__Problem to solve__:
Leave out the pictures and output exactly the lines below from the one with "[Fuetakishi] Rapture Rose Fhentai - Page 25" down to the one with "斯坦福極簡經濟學：如何果斷地權衡利益得失(全新升級版)（簡體書）", both of them included.

__Exercise inputs__:
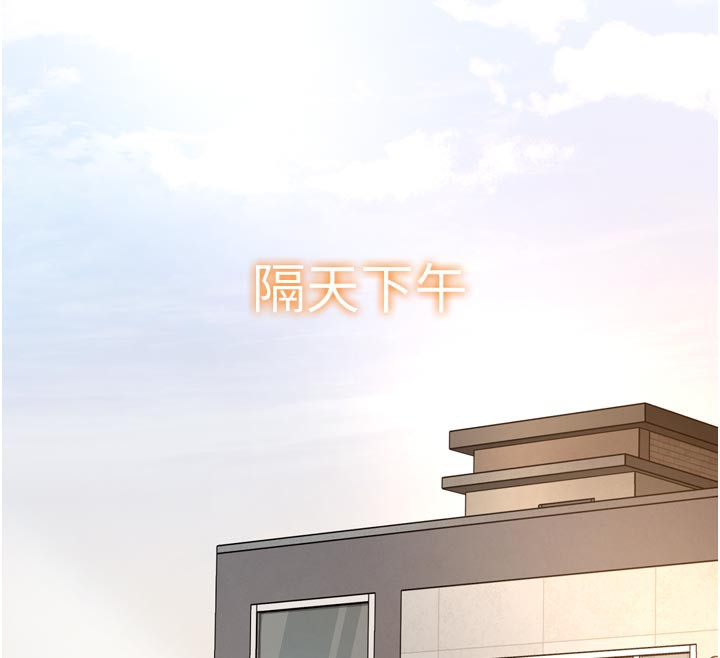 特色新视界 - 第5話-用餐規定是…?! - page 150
* * *
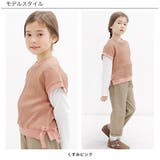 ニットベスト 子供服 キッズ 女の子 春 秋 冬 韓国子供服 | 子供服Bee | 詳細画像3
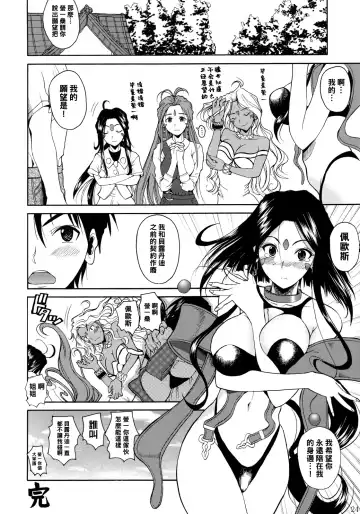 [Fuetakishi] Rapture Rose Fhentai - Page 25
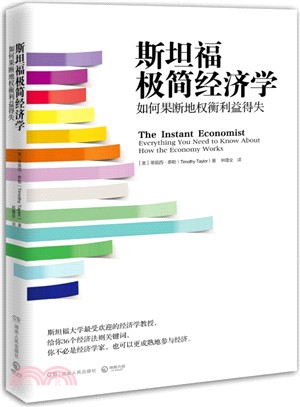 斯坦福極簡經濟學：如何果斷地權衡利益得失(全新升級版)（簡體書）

__Response__:
 [Fuetakishi] Rapture Rose Fhentai - Page 25
 斯坦福極簡經濟學：如何果斷地權衡利益得失(全新升級版)（簡體書）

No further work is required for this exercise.